Sr Site Reliability Engineer
geaerospace
Job Description
Role overview:
- Understand business requirements and collaborate with Product & DevOps teams to implement highly available, scalable, resilient, cost-efficient solutions in Cloud environments.
- Deploy Observability tools (New Relic, Splunk, ELK, Other open source O11y tools..etc) in our Cloud infrastructure and applications via Terraform and be the SME for these tools.
- Create and configure alerts, dashboards, reports mapping to the Golden signals – Latency, Errors, Traffic, Saturation.
- Pioneer the definitions of SLIs, SLOs and Error Budgets for GE Aerospace Digital Workplace’s products and services. And, champion the implementation for large scale adoption.
- Perform Root Cause Analysis (RCA) for SLO breaches, Alerts and Incidents. Front-end the troubleshooting and debugging sessions.
- Solve problems relating to critical products, applications, services and create solutions (automations, runbooks..etc.) to prevent problem recurrence.
- Lead the Incident Management + Postmortem processes and collaborate with the Operations team to develop the templates for comms, runbooks and documents.

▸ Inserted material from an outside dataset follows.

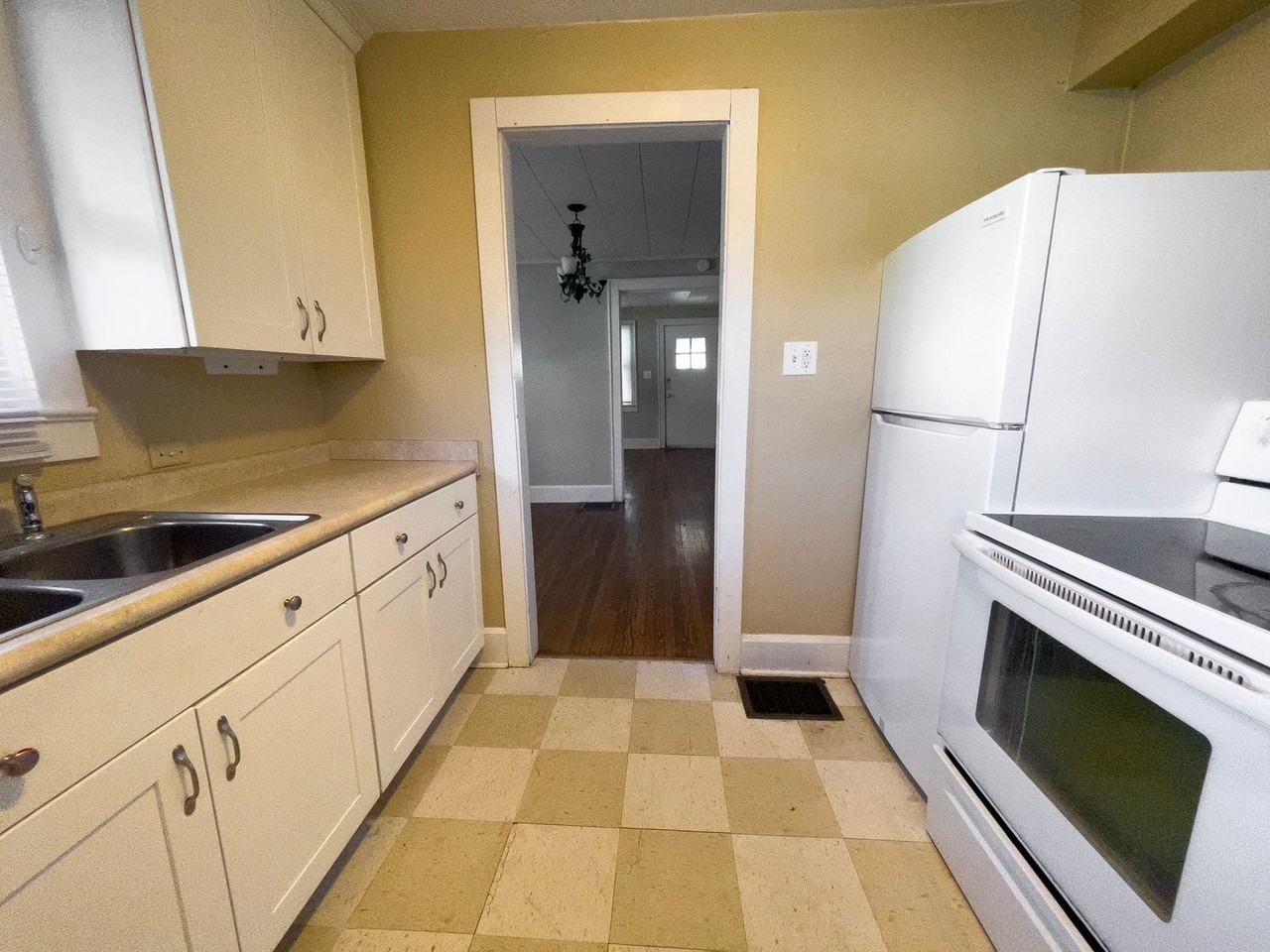 616 W University Ave - Photo 7 of 16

- Consistently share best practices for reliability, resiliency, performance, and improve processes within and across teams.
- Execute data driven approach to make decisions around capacity needs, Cloud cost optimization and infrastructure stability.
- Prioritize reducing MTTx (Mean Time to Recover/Resolve/Repair) for Production incidents to provide better user experience.
- Propose new design and develop solutions to solve complex problems in application resiliency and availability.
- Be a strong technical mentor for junior team members professionally to help them realize their full potential.
Required Qualifications/ Requirements:
- Bachelor’s degree from a recognized university or college with a minimum of 4 years of professional experience OR Diploma with a minimum of 5 years of professional experience OR Higher Secondary Certificate with a minimum of 7 years of professional experience
Preferred Qualification:
- A minimum of 2 years of experience in Production Engineering or Site Reliability Engineering roles.
- A minimum of 2 years of experience in Cloud environments (e.g., AWS, Azure) is required.
- A minimum of 2 years of experience in DevOps and Infrastructure domain.